Many students in the Arab world refrain from applying to study at major international universities due to different salient reasons like finances or doubting their quality of education back home. However, I can say, in light of my personal and practical experience, these are not the true underlying reasons that need to be addressed.
Through my journey to study abroad and obtain a master’s degree from Harvard University with a concentration in Leadership and Innovation, I found that there are two main reasons for this reluctance to study abroad, both of which are related to individuals’ perceptions of themselves and the nature of what is hidden in their subconscious mind.
This conviction was confirmed after years of working in the field of academic and professional counseling and guidance. I realized that the first reason is psychological, while the second reason is skill-related, as most applicants to study abroad lack some of the skills that form the backbone of experience.
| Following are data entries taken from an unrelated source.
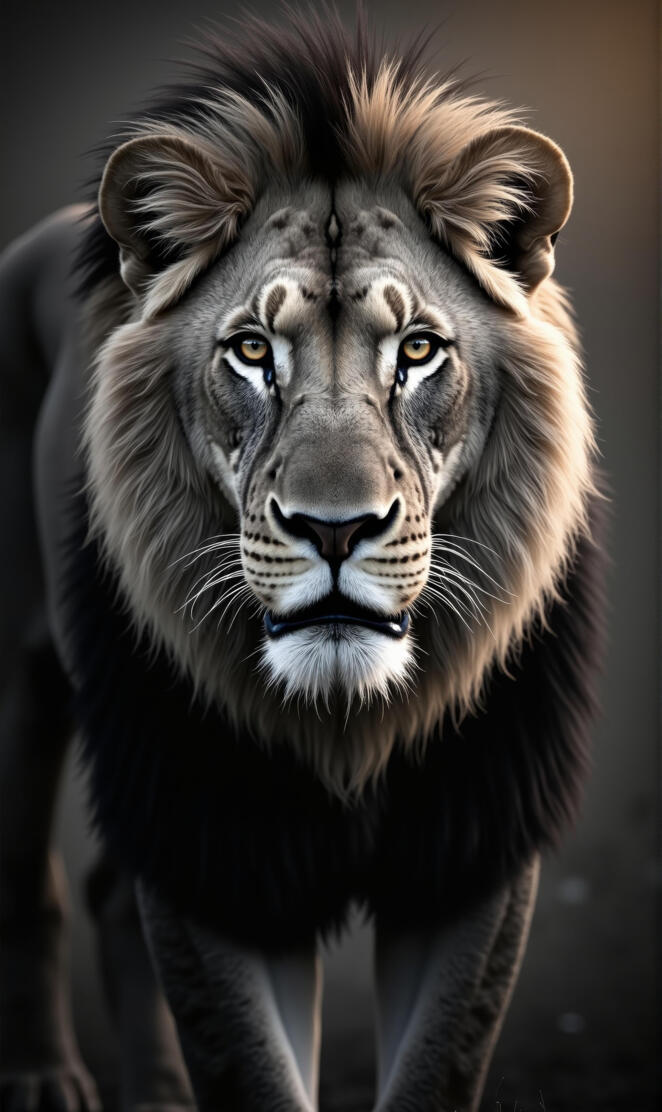 The King’s Gaze: Majestic Lion Portrait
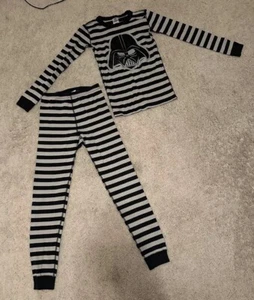 Hanna andersson Star Wars pajamas 150 Darth Vader 12 Organic Cotton Boys Youth - Picture 1 of 4
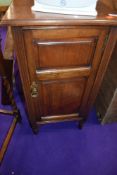 A Victorian mahogany pot cupboard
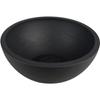 Top Waschbecken Ø 30 cm - EDA - Graphit Up - 5,5 L - Innen/ Außen - Grafische Dekoration - Ø 29,5 x H. 12 cm - Anthrazitgrau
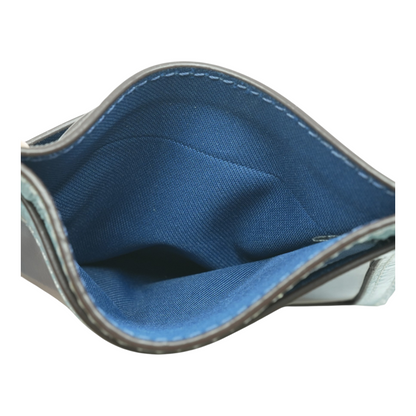 Blue Card Case Wallet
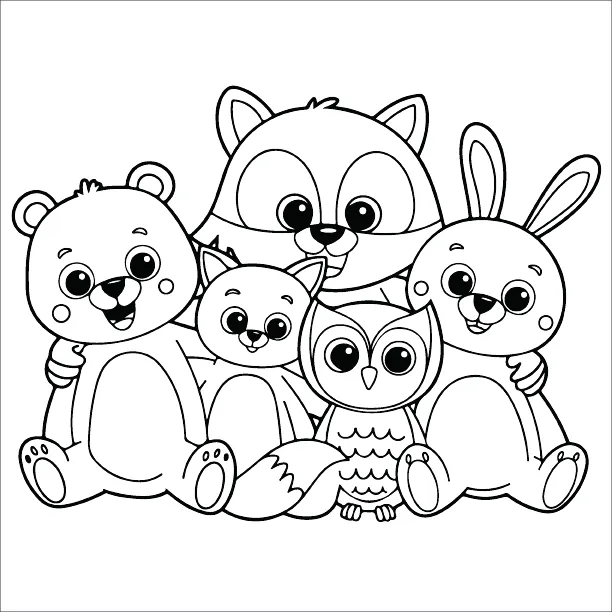 Cozy friend coloring page free printable for adults
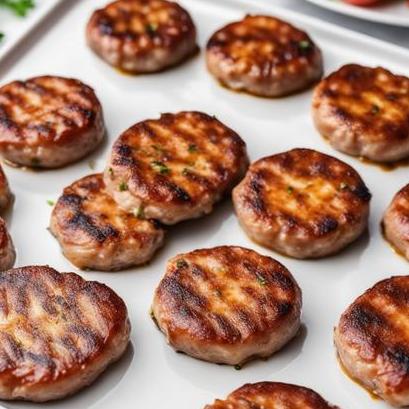 oven baked sausage patties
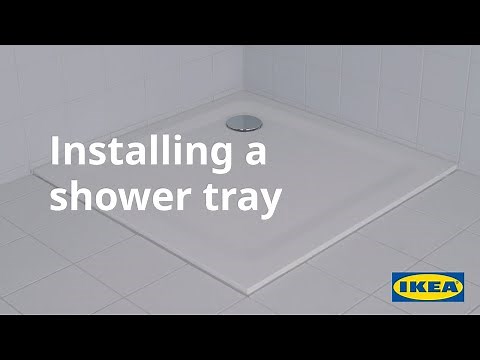 Installing a shower tray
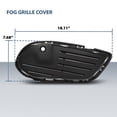 thumbnail image 3 of Front Bumper Fog Grille Cover 2Pcs Fit For 2015-2018 Mercedes Benz C-Class W205, 3 of 10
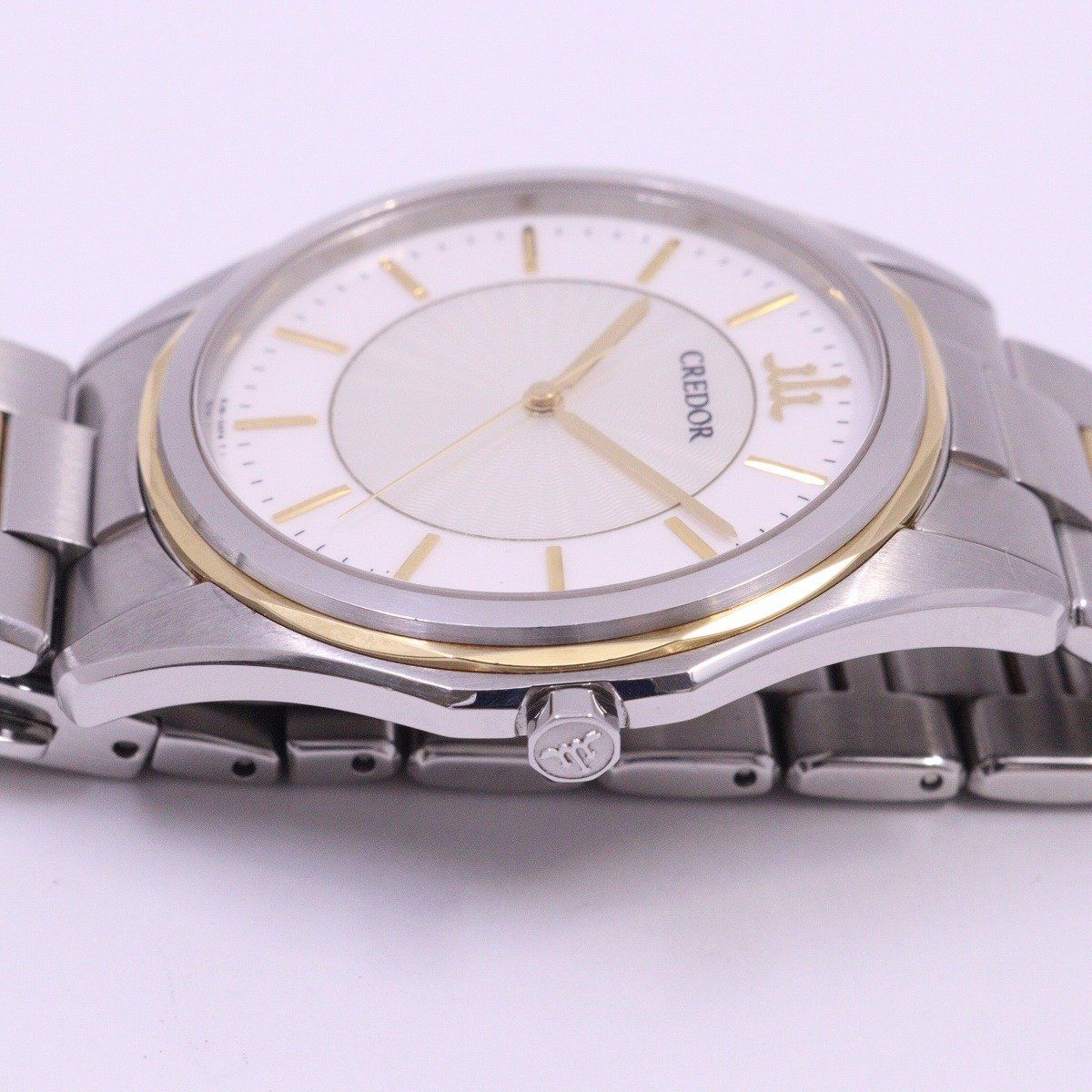 ファッション通販 安い SEIKO セイコー クレドール シグノ クォーツ メンズ 腕時計 18K クレドール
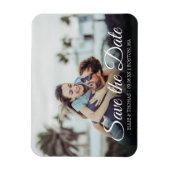 Sla de datum foto elegante script eenvoudig op magneet (Verticaal)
As for the psychological cause, the famous psychologist Martin Seligman termed it “learned helplessness.” This type of what I call “psychological disability” is not caused by a congenital defect or an injury, or as a result of compulsions a person cannot control, but rather is acquired unintentionally, often from an early age.
It appears to be a result of the family milieu and the common style of upbringing in the surrounding environment, but its effects extend inside the mind to become a doctrine within a person’s established beliefs. People with learned helplessness respond to the discourse and external talk they receive from their surroundings, such as: “You won’t be able to; you do not have sufficient competence; you are not qualified or good enough; you do not deserve to study at this level of major universities. …”
Repeatedly, students get used to listening to these frustrating voices whenever they try to take on a new experience that is unfamiliar to those around them. Later, they may find themselves repeating these discouraging statements to themselves without realizing it, turning external talk into destructive self-talk.